= Film Symphony Orchestra =

Czech classical orchestra

The Film Symphony Orchestra (FISYO) (Czech: Filmový symfonický orchestr) is a Czech classical orchestra, specialising in recording film music. It is also known under the name Czech Symphony Orchestra, which was used frequently in the 1990s whenever the orchestra performed on the international concert stage. It is not to be confused with the Spanish "Film Symphony Orchestra" (FSO).

The orchestra was founded in June 1943 as the in-house orchestra of the Barrandov Studios in Prague. It was subsequently nationalised by the Czechoslovak government, but government support was cancelled in 1989, and the orchestra shut down due to economic reasons. In 1991 a private company FISYO s.r.o. was founded by one of the orchestra's members in order to continue the ensemble's work.
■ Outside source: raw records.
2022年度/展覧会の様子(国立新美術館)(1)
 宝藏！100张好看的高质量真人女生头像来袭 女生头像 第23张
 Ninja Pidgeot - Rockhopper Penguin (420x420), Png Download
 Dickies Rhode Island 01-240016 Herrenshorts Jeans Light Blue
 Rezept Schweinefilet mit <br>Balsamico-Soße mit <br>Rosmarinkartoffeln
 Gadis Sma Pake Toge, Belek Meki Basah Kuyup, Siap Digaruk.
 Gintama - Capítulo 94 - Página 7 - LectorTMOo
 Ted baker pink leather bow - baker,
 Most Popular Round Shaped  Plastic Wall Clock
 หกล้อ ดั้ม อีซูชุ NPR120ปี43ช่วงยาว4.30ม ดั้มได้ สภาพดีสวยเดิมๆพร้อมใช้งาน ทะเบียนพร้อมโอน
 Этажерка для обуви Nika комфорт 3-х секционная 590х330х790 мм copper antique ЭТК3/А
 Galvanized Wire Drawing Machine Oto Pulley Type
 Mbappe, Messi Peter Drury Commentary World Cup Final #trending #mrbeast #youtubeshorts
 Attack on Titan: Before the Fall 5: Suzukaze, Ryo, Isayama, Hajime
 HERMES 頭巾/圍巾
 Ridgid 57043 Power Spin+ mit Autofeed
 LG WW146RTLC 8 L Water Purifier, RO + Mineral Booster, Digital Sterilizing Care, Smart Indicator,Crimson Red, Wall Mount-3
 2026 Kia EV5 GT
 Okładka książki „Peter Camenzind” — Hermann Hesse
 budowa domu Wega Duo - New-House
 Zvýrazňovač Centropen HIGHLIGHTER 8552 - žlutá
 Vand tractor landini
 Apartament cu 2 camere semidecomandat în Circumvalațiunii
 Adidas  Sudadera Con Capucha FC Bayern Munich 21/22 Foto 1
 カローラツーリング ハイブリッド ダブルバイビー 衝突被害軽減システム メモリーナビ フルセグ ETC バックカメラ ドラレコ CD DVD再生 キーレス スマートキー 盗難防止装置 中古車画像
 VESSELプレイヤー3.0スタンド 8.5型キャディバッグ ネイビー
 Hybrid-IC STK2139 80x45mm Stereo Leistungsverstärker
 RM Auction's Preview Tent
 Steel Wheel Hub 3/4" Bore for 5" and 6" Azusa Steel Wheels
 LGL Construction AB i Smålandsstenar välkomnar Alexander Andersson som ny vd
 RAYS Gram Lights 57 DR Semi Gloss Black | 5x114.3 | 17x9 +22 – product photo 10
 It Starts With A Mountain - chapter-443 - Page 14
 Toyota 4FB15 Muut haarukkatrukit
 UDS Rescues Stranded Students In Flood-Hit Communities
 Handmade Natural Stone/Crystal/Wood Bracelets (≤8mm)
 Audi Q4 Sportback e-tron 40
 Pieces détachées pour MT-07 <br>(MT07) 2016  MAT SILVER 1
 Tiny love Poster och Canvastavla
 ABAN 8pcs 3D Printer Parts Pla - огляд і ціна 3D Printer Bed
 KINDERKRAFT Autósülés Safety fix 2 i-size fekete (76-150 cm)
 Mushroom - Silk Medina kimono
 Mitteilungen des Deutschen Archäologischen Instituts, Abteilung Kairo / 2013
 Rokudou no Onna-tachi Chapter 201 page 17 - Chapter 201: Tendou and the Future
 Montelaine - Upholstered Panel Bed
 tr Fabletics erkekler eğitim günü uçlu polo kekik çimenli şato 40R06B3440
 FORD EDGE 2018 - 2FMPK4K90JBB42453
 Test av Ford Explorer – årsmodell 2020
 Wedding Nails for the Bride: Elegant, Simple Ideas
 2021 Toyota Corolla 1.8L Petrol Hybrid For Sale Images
To date, the orchestra has recorded music for over 5,000 Czech and international movies, in particular German, French, Belgian, Greek, Italian, Danish, Norwegian, Canadian, American and Japanese films. Notable film titles include Blue Velvet and The Bourne Identity, which earned the orchestra an Emmy Award.

Next to its recording activities the orchestra also performs live in concert, at venues such as the Théâtre du Châtelet in Paris, where it performed with chanson singer Veronique Sanson. Successful concerts have also included tours to England and the USA, where it performed Jan Klusák's film music from Erotikon, a 1929 Czech film directed by Gustav Machatý. Influential conductors include in particular František Belfín and Štěpán Koníček. Since 1991 the orchestra has been using the name Czech Symphony Orchestra for their international concert performances.

Another ensemble that broke away from the Film Symphony Orchestra after its government shutdown is known as the City of Prague Philharmonic Orchestra.